Richard Halloran, freelance journalist and former correspondent for the Washington Post and the New York Times, thinks that Japan is not yet up to the job of making quick decisions, blaming the country's culture of consensus for its indecisiveness. "It will be a use 'em or lose 'em military decision that must be made in 120 seconds, something no Japanese has done for more than half a century," Halloran wrote in the Japan Times.

That's the cue for US Secretary of Defense Donald Rumsfeld, who will visit Japan next month. Rumsfeld, not known for any ambitions to make military decisions with the blessing of others, has reportedly put missile defense on top of the agenda for his visit to Tokyo. If his usual impatience and bullying are anything to go by, he is likely to "inform" his Japanese counterpart on the advantages of making up one's mind real quick over finding a consensus when missiles are flying over Japanese soil.

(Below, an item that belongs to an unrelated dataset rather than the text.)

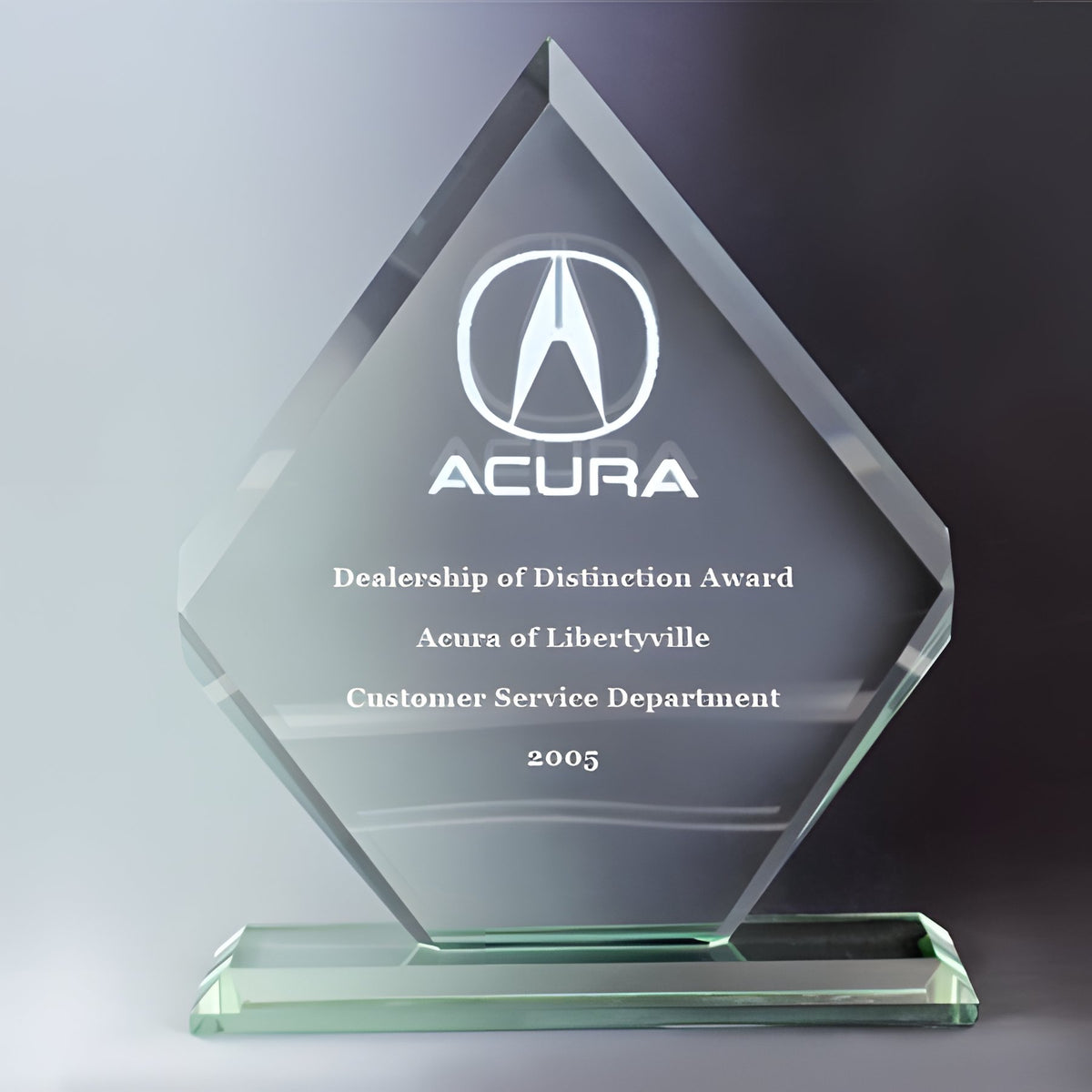 Jade Glass Award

Indeed, the United States in recent months has urged Japan to stay on course with regards to missile defense, and pressure might become stronger now that the Pentagon has (once again) found out that Chinese missiles are able to hit US military bases on Okinawa. Beijing, a recent Pentagon reports claims, has increased the number of deployed missiles able to reach Taiwan and Okinawa from 100 to 450 over recent years.

A strong opponent of joint US-Japanese missile-defense projects, China is believed to have increased the number of missiles by 75 per year in an attempt to discourage the United States and Japan from working on a missile-defense system eventually unable to deal with the growing number of Chinese missiles. The opposite is the case, of course. The more the number of Chinese missiles grows, the more the US and Japan want to develop and deploy the system.
This looks like the beginning of a new arms race in East Asia to Chinese Defense Minister Cao Gangchuan, who met with his Japanese counterpart Shigeru Ishiba in Beijing last week. Missile defense, he complained, will lead to a new escalation in Japan's defense spending. And Cao certainly knows about rising military spending, given that China's defense budget has seen two-digit growth per year over at least the past decade.

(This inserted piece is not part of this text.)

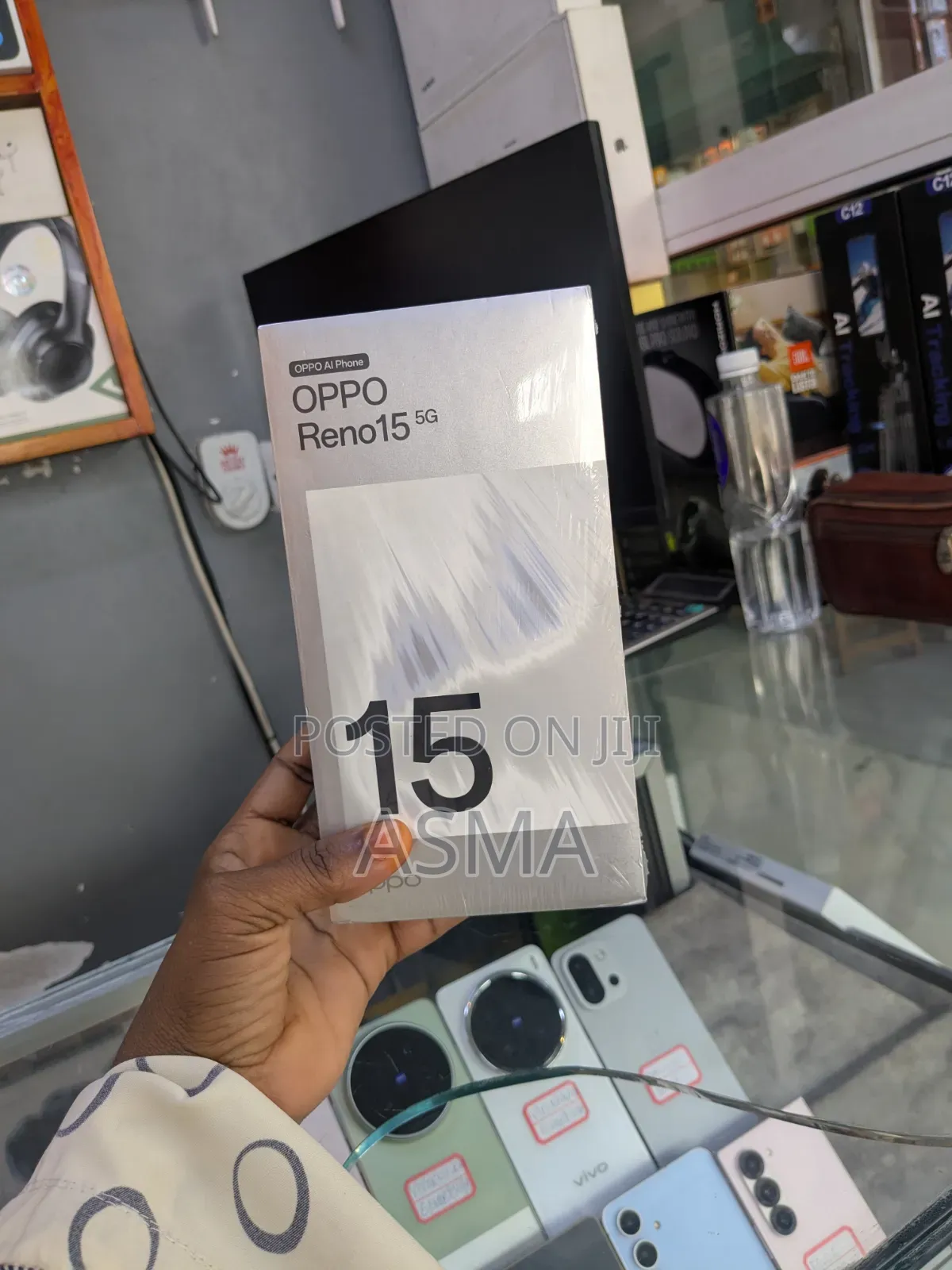 New Oppo Reno15 5G 512 GB White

Whereas the Japanese military insists that the budget for regular defense spending will not be affected by missile defense, others suspect that the government will be forced to come up with a supplementary budget before too long given the expense of this technology and hardware.

Japanese governments have proved to be quite good at feeding the economy or the armed forces with supplementary or "emergency" budgets over the past decade, and a neighbor such as North Korea will remain reason enough to spend some extra cash on defense.

Pacifists and other party-spoilers in Japan step in, however, warning that missile defense violates Japan's self-imposed ban on executing the right to collective self-defense. Japan might be forced to shoot down a missile not even targeted at Japan, they fear.

The Defense Agency, however, sees no collective self-defense on the horizon, claiming that radar systems stationed on Aegis vessels would be "able to identify if the target of the incoming missiles was Japan or not". This of course sounds plausible only to diehard advocates of missile defense, although there is still hope that Pyongyang will opt against running amok in East Asia, thereby keeping Japan's military from playing with high-tech US toys just yet.

Axel Berkofsky, PhD, is a research fellow and policy analyst for the European Institute for Asian Studies, Brussels. Views expressed in this article are his own.